EXERCISE BRIEF
Everything before the line containing "dora aguero add" is to be left out; repeat that line and all lines after it exactly, to the end of the data.

COLLECTED DATA
Segment Open

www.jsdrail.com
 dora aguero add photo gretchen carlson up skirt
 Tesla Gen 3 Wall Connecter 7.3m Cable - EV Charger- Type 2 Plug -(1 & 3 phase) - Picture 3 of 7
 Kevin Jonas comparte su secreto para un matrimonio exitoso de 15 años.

Segment Closed

WRITTEN SOLUTION
 dora aguero add photo gretchen carlson up skirt
 Tesla Gen 3 Wall Connecter 7.3m Cable - EV Charger- Type 2 Plug -(1 & 3 phase) - Picture 3 of 7
 Kevin Jonas comparte su secreto para un matrimonio exitoso de 15 años.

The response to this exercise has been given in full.